Activity
Each line of the records needs to be written out exactly, with any image left out.

Entries provided below:

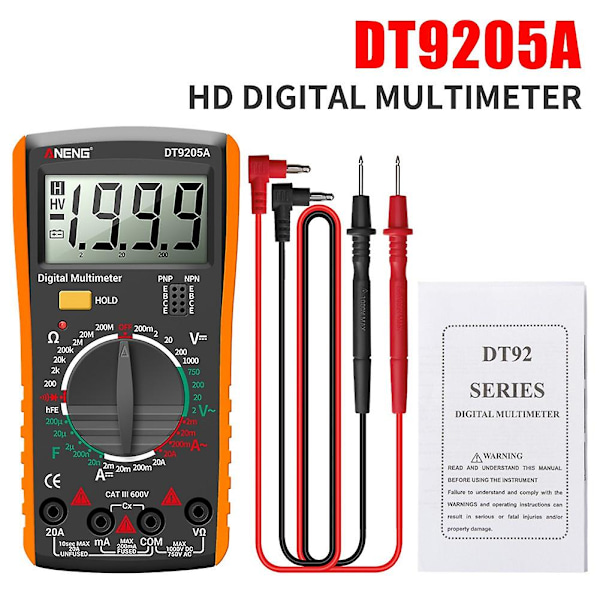 DT9205A Digital Multimeter AC/DC Transistor Tester Elektrisk NCV Testmätare Professionell Analog Au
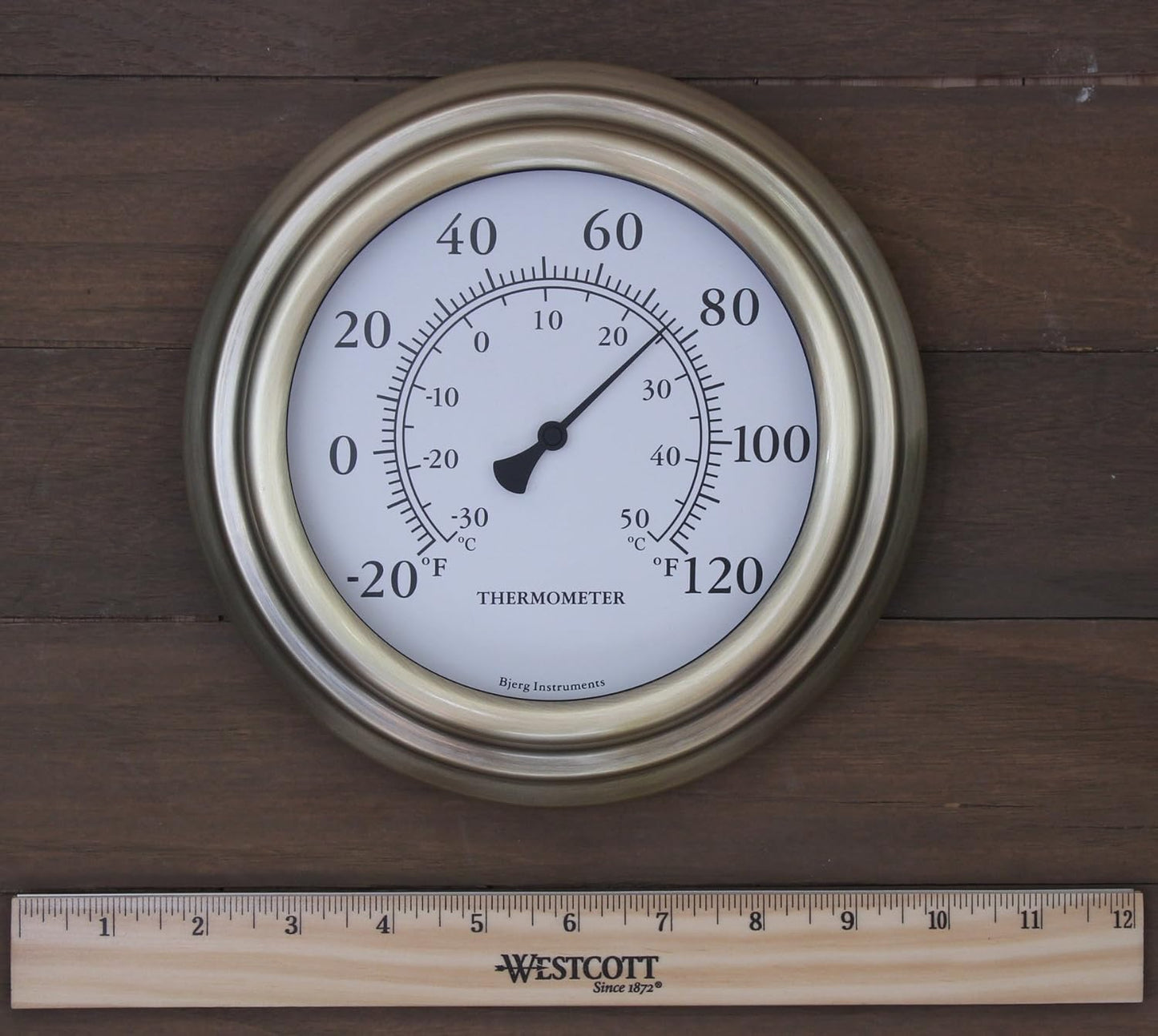 8" Antique Brass Finish Decorative Indoor/Outdoor Thermometer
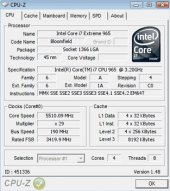 Сусветны рэкорд разгону Core i7-965 Extreme Edition 5510,09 MHz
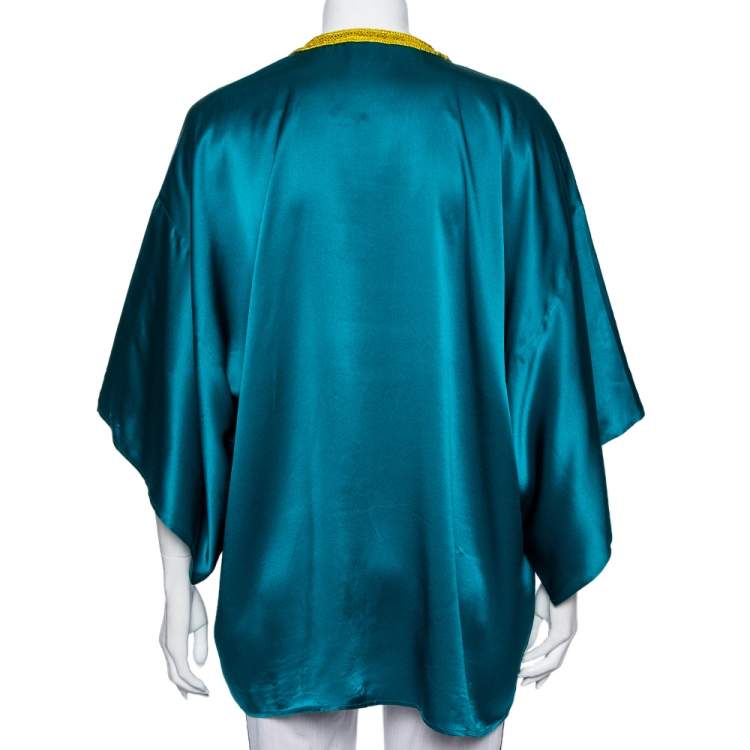 Pre Owned Oscar de la Renta Green Silk Satin Embellished Neck Detail Oversized Top L
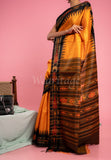 Orange Pure Desi Tussar Saree with Ikat Pallu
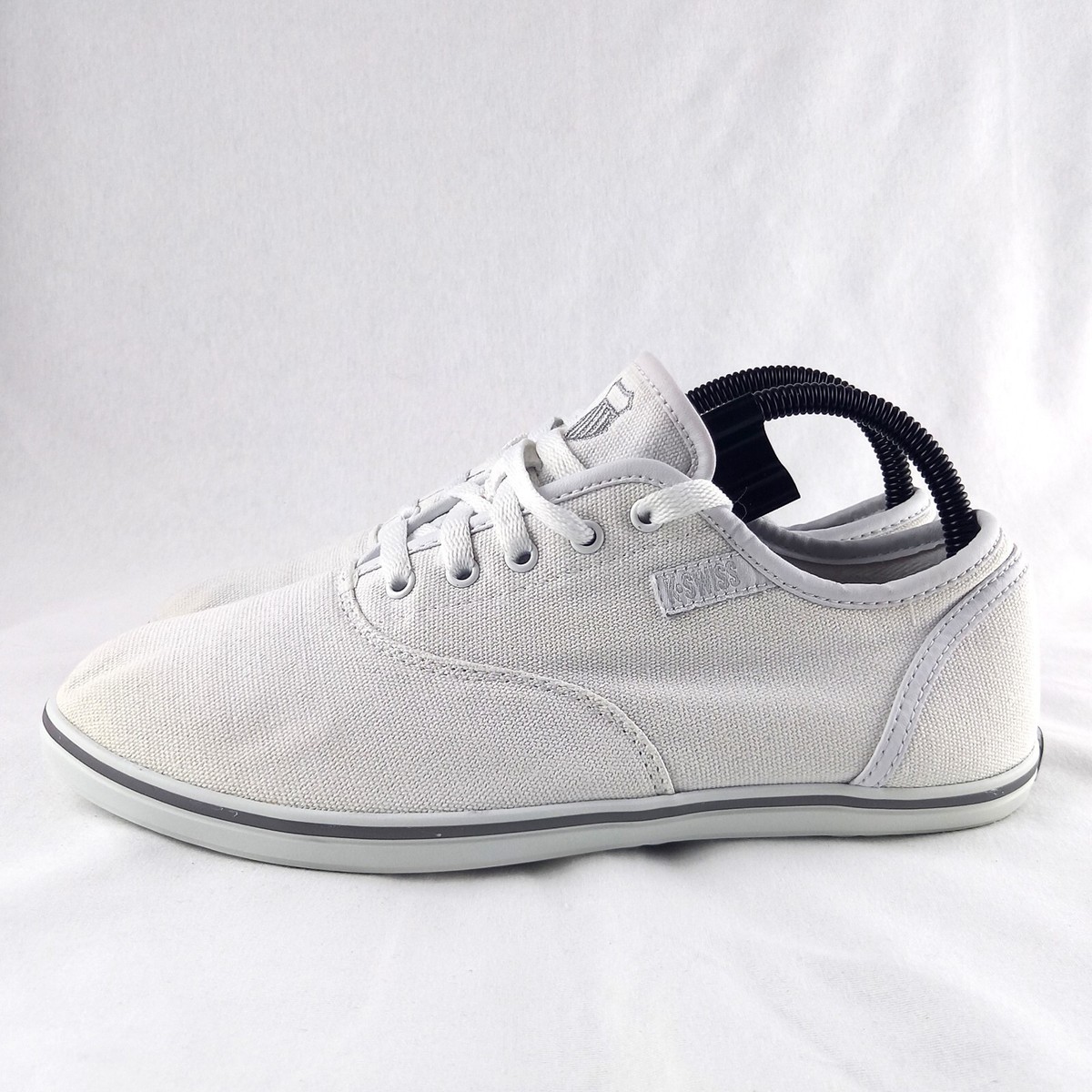 Canvas K Swiss Low NEW K-SWISS White Canvas Trainers Sneakers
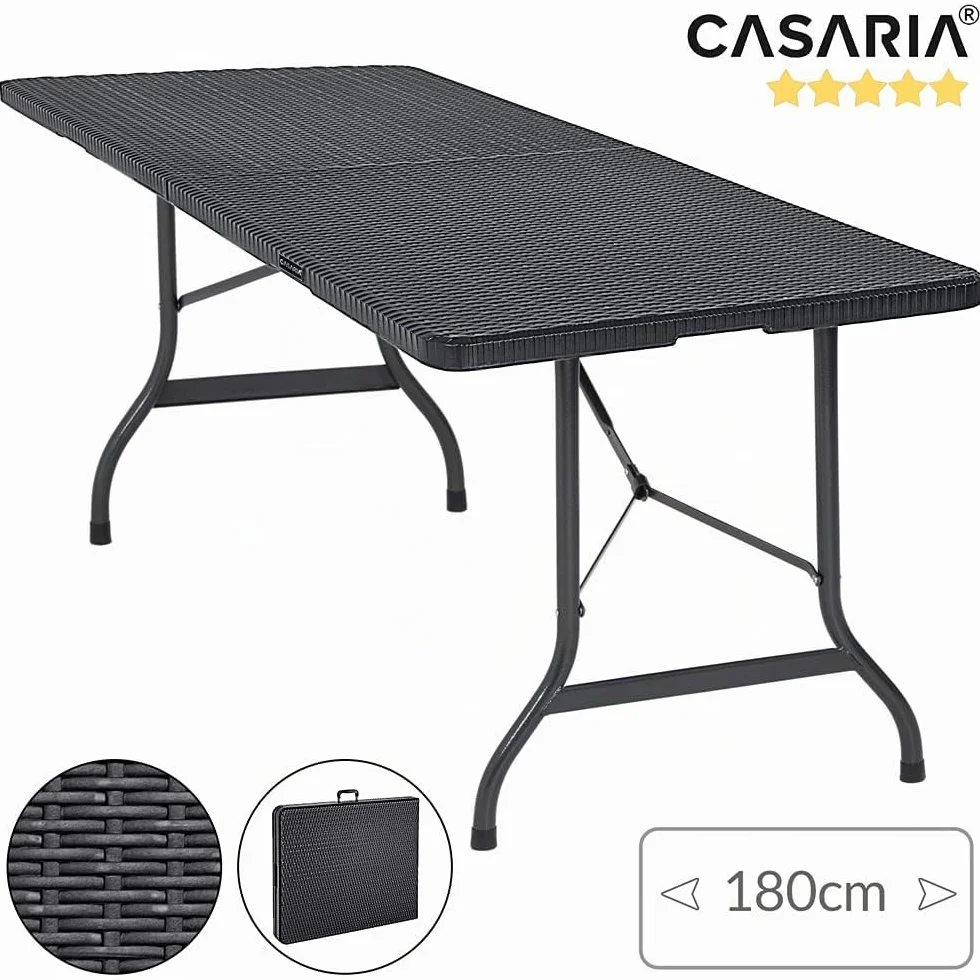 Casaria Tavolo da Giardino Pieghevole 183x76 cm Rattan Balcone Terrazza Campeggio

End of Entries provided.

Response box
 DT9205A Digital Multimeter AC/DC Transistor Tester Elektrisk NCV Testmätare Professionell Analog Au
 8" Antique Brass Finish Decorative Indoor/Outdoor Thermometer
 Сусветны рэкорд разгону Core i7-965 Extreme Edition 5510,09 MHz
 Pre Owned Oscar de la Renta Green Silk Satin Embellished Neck Detail Oversized Top L
 Orange Pure Desi Tussar Saree with Ikat Pallu
 Canvas K Swiss Low NEW K-SWISS White Canvas Trainers Sneakers
 Casaria Tavolo da Giardino Pieghevole 183x76 cm Rattan Balcone Terrazza Campeggio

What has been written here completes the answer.